Northway won the 400-meter freestyle competition at the early April, 1976 U.S. Outdoor Long Course Nationals in Long Beach with a world record time of 3:56.48 and was third in the 200 freestyle. He beat his formal personal best time in the event. He grew from 5'11" at the 1972 Olympics to 6' 2" for the 1976 Olympics, and benefitted from a carefully planned weight training program. In January 1976, Northway won two events and broke two Arizona state state records, with a 47.9 in the 100-yard freestyle and a 1:41 in the 200-yard freestyle at the Deb Secrist Invitational Swimming Meet at the University of Arizona.

In 1981 he competed in the New Zealand Games, taking medals in the 100 and 200 freestyle, and won the 100-freestyle at the Australia Speedo International Event. He swam professionally through around 1985, often focusing on open water and long-distance races. Northway won the Traversée internationale du lac St-Jean on July 19, 1984, having attempted the long distance swim in three prior years, but being unable to finish due to hypothermia. The marathon swim is 32 kilometers, or 19.8 miles long, and swum in Lake St. Jean between Peribonka and Roberval, Quebec, Canada. Northway led the race from start to finish, finishing in 7 hours, 37 minutes.

==== Honors ====
Northway was inducted into the University of Arizona Athletic Hall of Fame.

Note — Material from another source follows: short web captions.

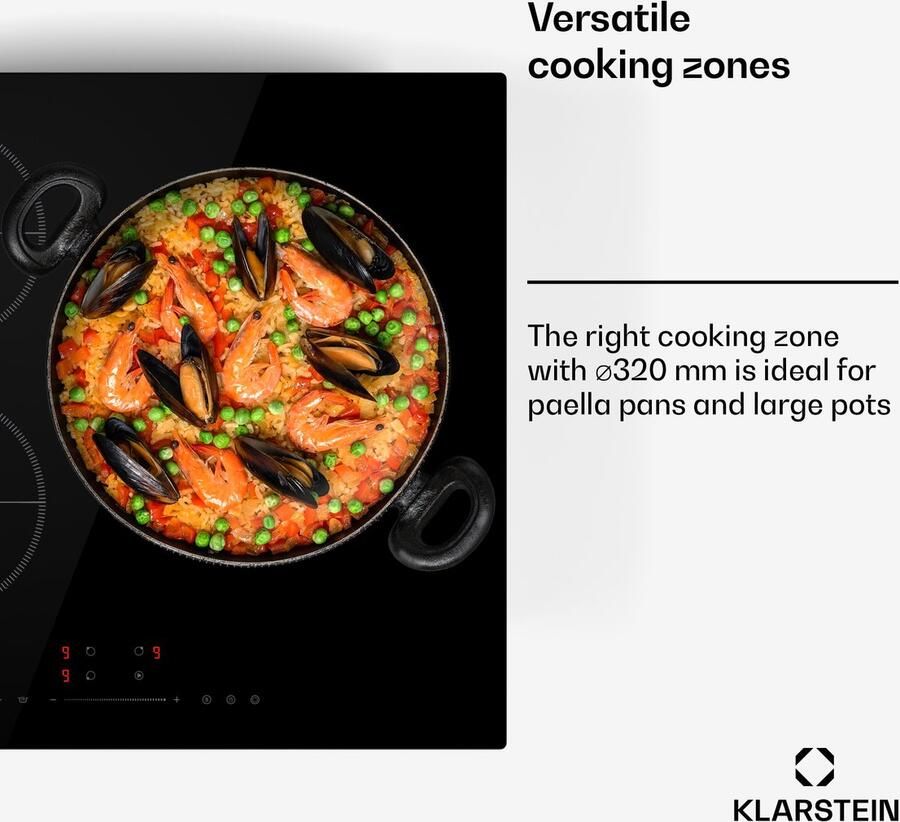 Klarstein Delicatessa Induktionskochfeld 3 Zonen Induktionsherd 8 1 kW Boost Paellazone 32 cm Schieberegler & Timer Kindersicherung VTC Glas 60 cm Breite – geschikt voor thuisfitness en sportschoolgebruik duurzame constructie eenvoudig te mon - Foto 3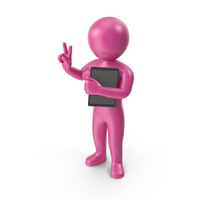 Pink Stickman Holding Tablet PNG & PSD Images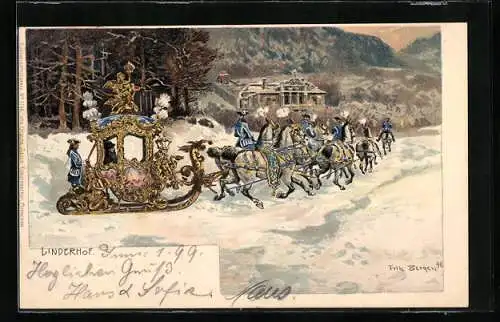 Künstler-AK Fritz Bergen: Linderhof, Ludwig II. auf Pferdeschlitten im Winter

He was the Arizona Daily Star's Athlete of the Year in 1972. He was Captain of the All Southwest Swimming Team for the Southwest Sports News Service in 1972.

==== Later life ====
In June, 1996, Northway was living in Tucson with his wife Linda and three young children. He coached swimming at Ventana Canyon, was a licensed minister, an associate pastor at a church, and taught Spanish to elementary students at Grace Christian School. He was studying for a master's degree in Bilingual special education at University of Arizona.

Northway plead guilty to molesting a child in 1995. In June, 1997, he was sentenced to four months in jail, four months of home arrest, and a lifetime probation.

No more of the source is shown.